#### Records for the exercise ####

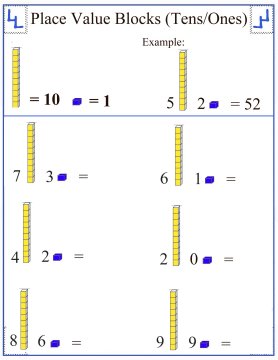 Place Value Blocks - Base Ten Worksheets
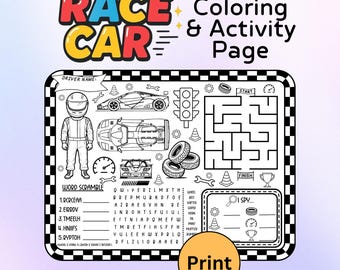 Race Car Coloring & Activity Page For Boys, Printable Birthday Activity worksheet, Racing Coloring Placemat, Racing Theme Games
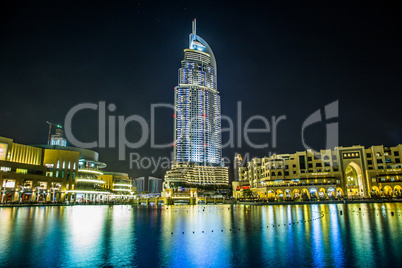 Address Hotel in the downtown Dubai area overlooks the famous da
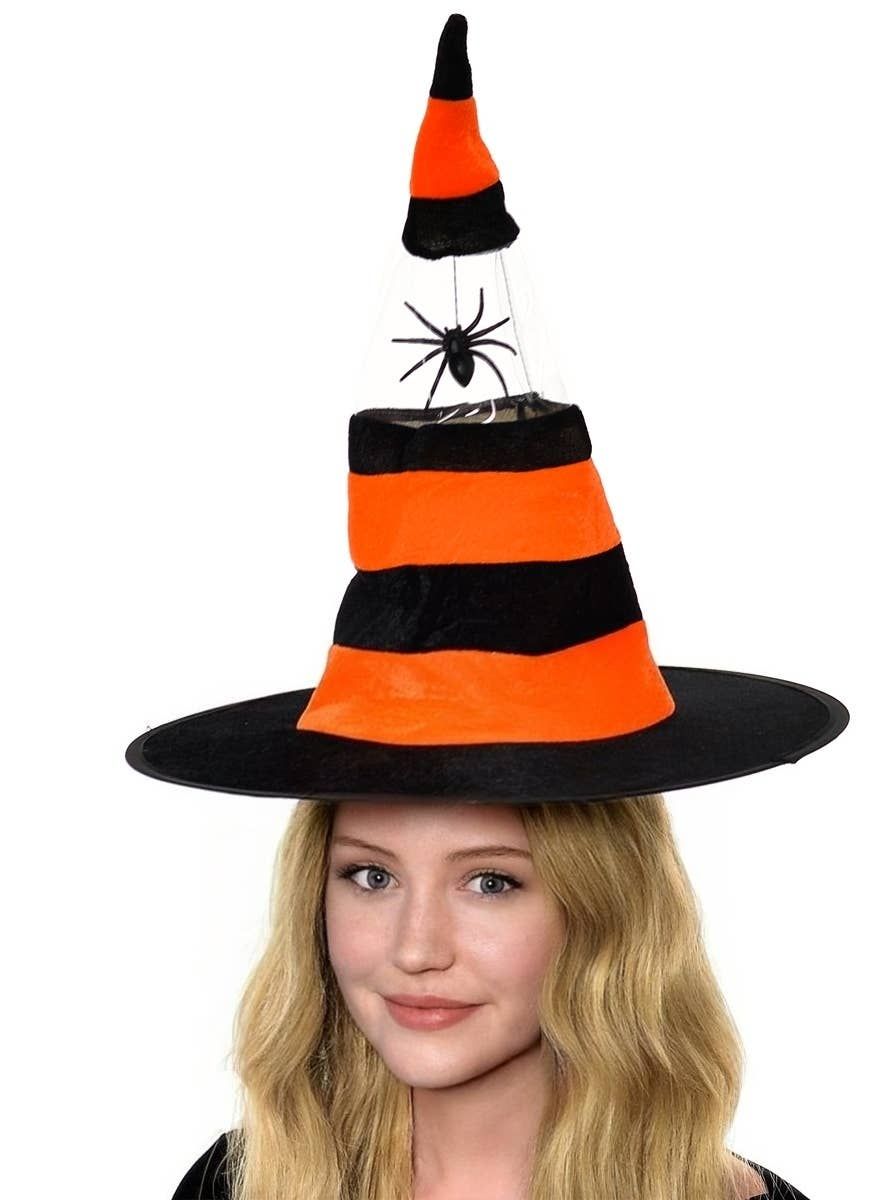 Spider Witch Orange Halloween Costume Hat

####
#### Records for the exercise ####

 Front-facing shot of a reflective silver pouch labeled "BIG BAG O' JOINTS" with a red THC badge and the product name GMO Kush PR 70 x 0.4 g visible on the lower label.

####

## What is required
Look above for the line containing "Place Value Blocks - Base Ten Worksheets" and the line containing "Spider Witch Orange Halloween Costume Hat", then reproduce both and everything between them exactly, pictures omitted.

## Output of the task
 Place Value Blocks - Base Ten Worksheets
 Race Car Coloring & Activity Page For Boys, Printable Birthday Activity worksheet, Racing Coloring Placemat, Racing Theme Games
 Address Hotel in the downtown Dubai area overlooks the famous da
 Spider Witch Orange Halloween Costume Hat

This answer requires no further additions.